What about the Puritans and Cromwell? They do play large roles, of course, just in different parts of this sprawling conflict…for the record, the Puritans weren’t a sect, they were a movement, with members from various denominations; they just wanted things cleaned up. And Cromwell, often associated with Puritanism, was really a military event, making his entrance from Ireland. I did warn you there was a lot going on.

Sheesh. So finally, how did the Germans take over the English throne?

The Restoration brought to the throne Charles I’s son, Charles II, and religion began to reassert itself as the main political driver. Charles II professed Protestantism publicly but there were thoughts that he remained privately Catholic, fears that were confirmed when Charles converted to Catholicism on his deathbed. His brother, James II, was openly Catholic, although married initially to a Protestant, Anne Hyde. Parliament held its breath: the hope was that they could survive a Catholic king if his Protestant children succeeded him. Unfortunately James II and Anne had only two surviving offspring, daughters Mary and Anne. When his wife died James remarried, this time to a Catholic. Worse (from Parliament’s perspective), the new couple produced a healthy, Catholic son, inconveniently the heir apparent. On James II’s death in 1701, Parliament entered into a bizarre negotiation in which they just ignored the existence of the would-be James III, declared the throne vacant, and settled the title on James’s eldest daughter by his first, Protestant marriage, Mary, along with her husband, William of Orange. And when, in the fullness of time, Mary died and William III (who ruled in his own right) failed to produce offspring, the title fell on James’s younger daughter, Anne, who ruled as Queen Anne of Great Britian, the last of the Stuart monarchs.

Despite rumors (one of them contemporary and devious) that Anne was lesbian, she in fact gave it her all to produce heirs, but none survived. On Anne’s death the crown passed to the nearest Protestant relation, Prince George, Elector of Hanover; and the British crown has remained German ever since.

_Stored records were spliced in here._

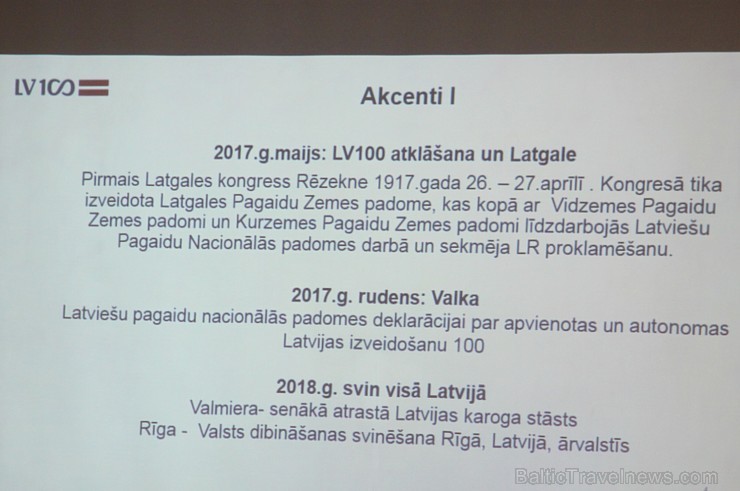 Biznesa augstskola «Turība» 3.03.2016 rīko augstvērtīgu diskusiju «Simtgade kā iespēja – Latvijas valsts simtgades pasākumi kā kultūras tūrisma produk Biznesa augstskola «Turība» 3.03.2016 rīko augstvērtīgu diskusiju «Simtgade kā iespēja – Latvijas valsts simtgades pasākumi kā kultūras tūrisma produk 169918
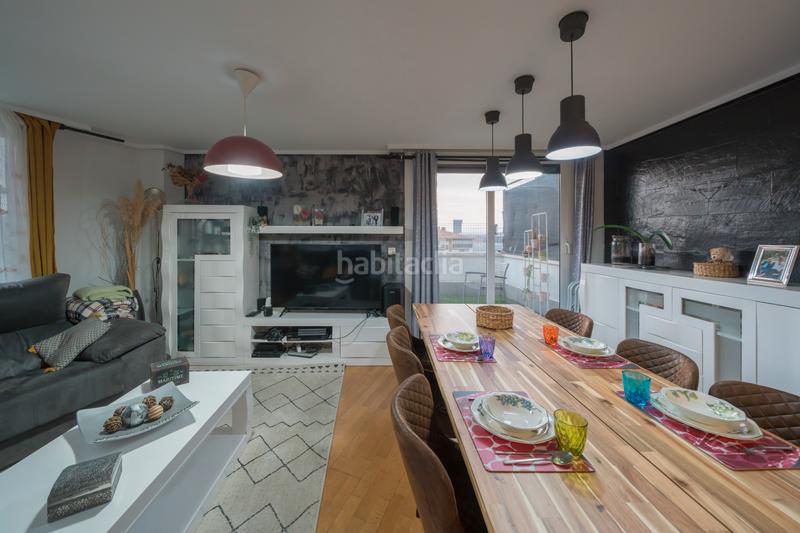 Foto 03172654-e4c6-4265-9313-9675e0934c42. Piso inmobiliaria bizkaia les presenta: ¡en exclusiva! en Barakaldo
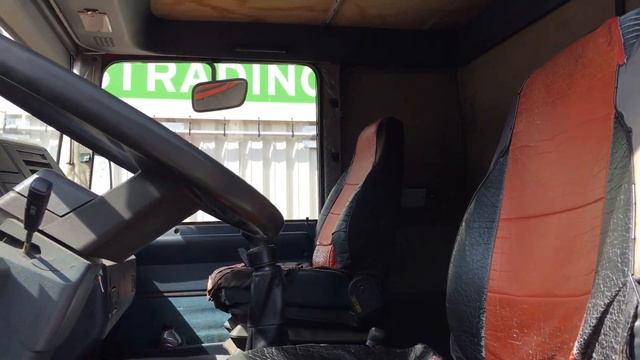 Renautl Major AE 385 - Bronkhorst Trading - 4267 смотреть онлайн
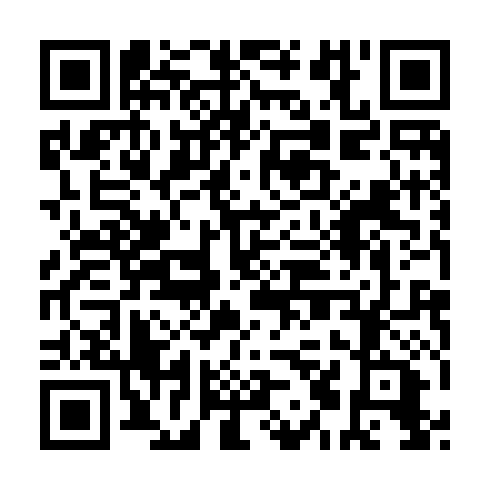 QR code for XNU917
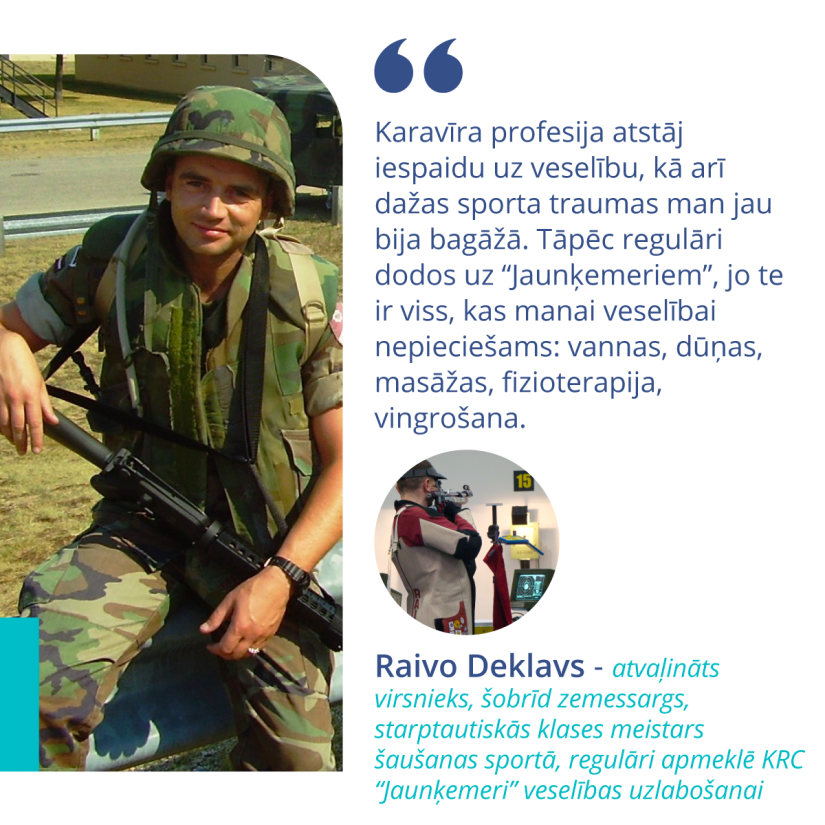 Raivo Deklavs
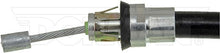 Load image into Gallery viewer, C660107 Parking Brake Cable Dorman - First Stop Canada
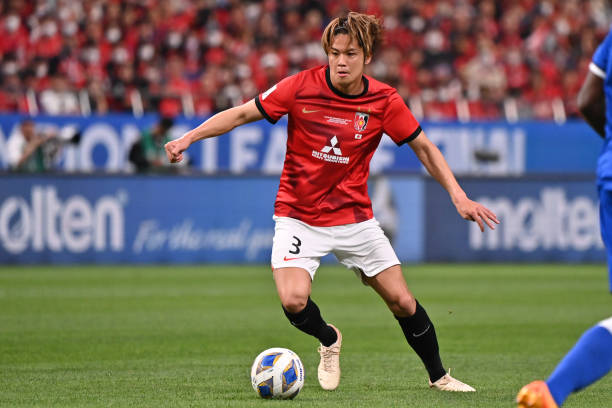 使每个球员 使每个球员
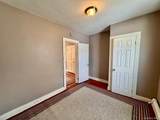 11 Fairview Avenue - Photo 15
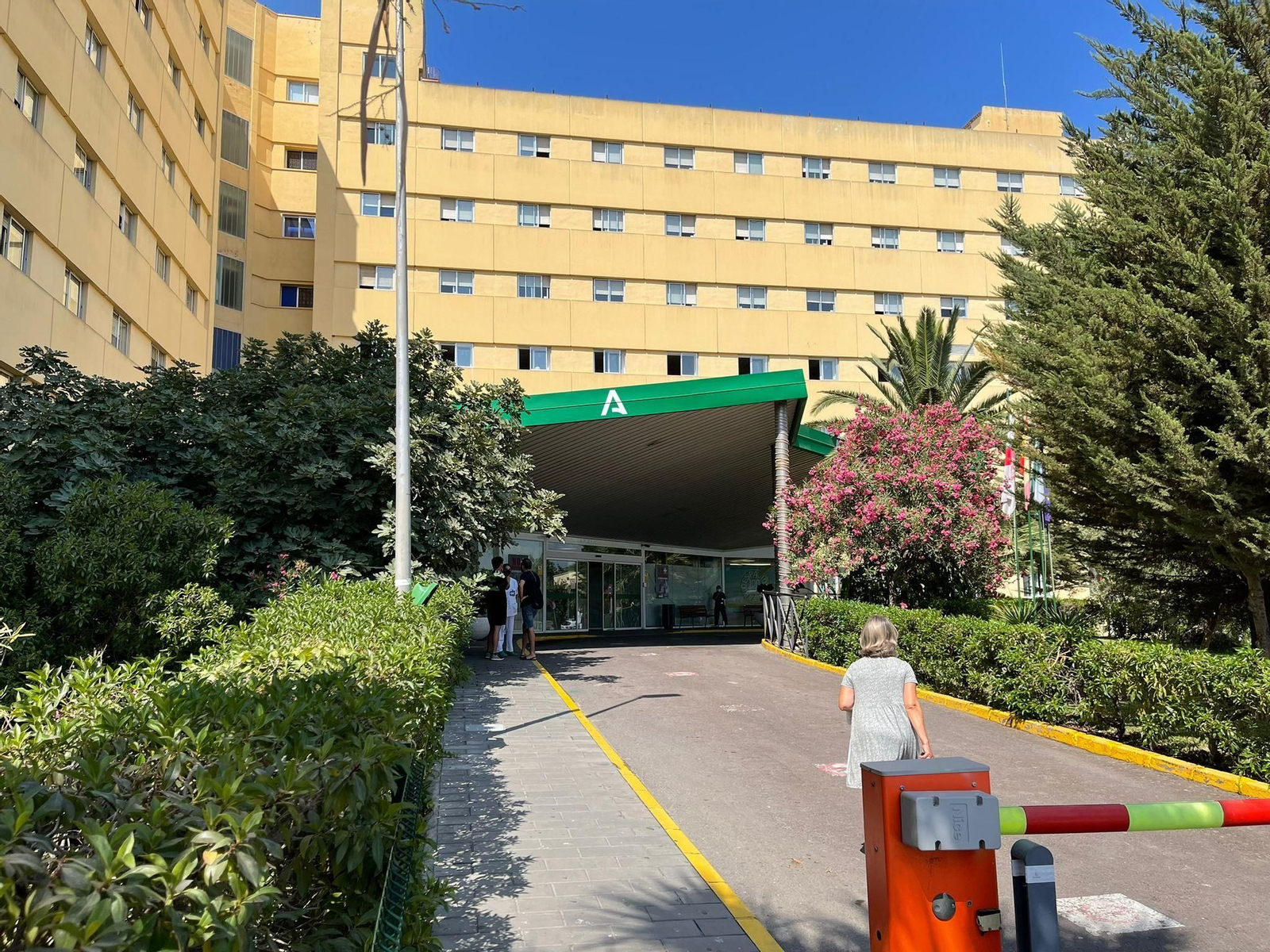 Salud notifica seis muertes y la incidencia provincial sube 41 puntos con los más de 540 positivos de este martes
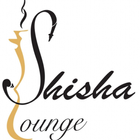 dato iman shahi shisha lounge icono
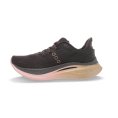 Endorphin Speed 5 donna - SAUCONY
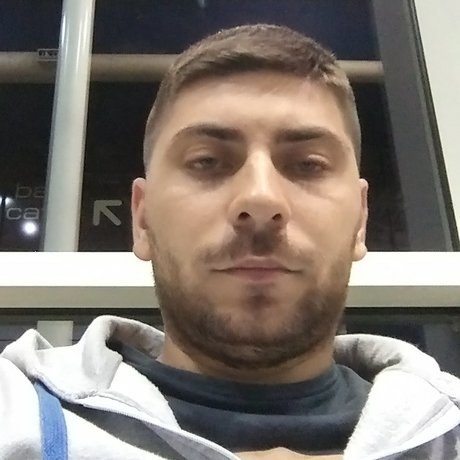 Mr R hd erotische archiv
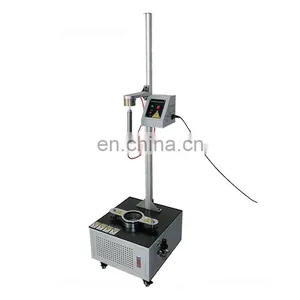 KASON Polymer Film Falling Dart Drop Impact Tester ASTM D1709 thumbnail-3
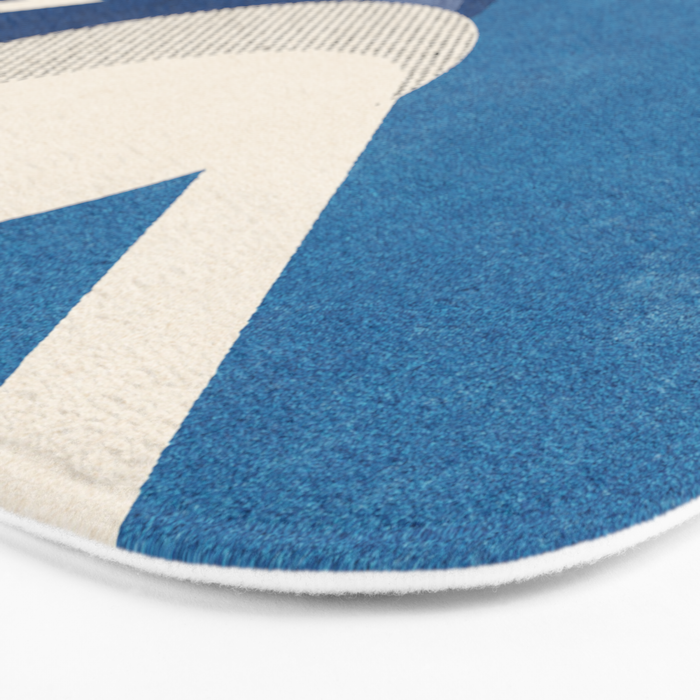 BALLS - Table Tennis - II Bath Mat Gallery Image 3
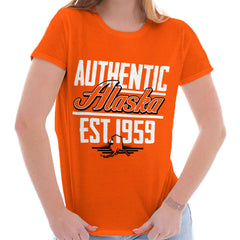 Female_Orange0 |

Here’s the kicker: none of that positioning over the succession would have played out the same way had Parliament not taken control. Converting kingship to constitutional monarchy made the institution of monarchy portable and assignable at Parliament’s leisure. If those matters seem remote and of another culture, it’s worth remembering that this period is early American history as much as it is English: by the time of James I’s accession, the American colonies were up and running…James and his brood were our kings and queens. The English Civil War, with its fundamental reshaping of power between monarch and the governed, informed the American Revolution a century later, and by the time Queen Anne and the Stuarts exited the stage, that revolution was only decades away.

There is a slight but delightful play, On the Verge, written by Eric Overmyer. In it, three Victorian lady explorers (yes, they existed) set out on an archaeological expedition to understand the ancient, to find terra incognita. Instead they wind up time traveling: one of them digs up an “I like Ike” lapel button, and by the second act she’s sitting in a cocktail lounge wearing a poodle skirt…the terra incognita the ladies find is, of course, the future. When the seventeenth century English set out to rework their monarchy and government, they were knowingly entering terra incognita. They had no way of knowing where it would lead, the American Revolution and Ike included.

For the record, I still like Ike. Just don’t make me wear the poodle skirt.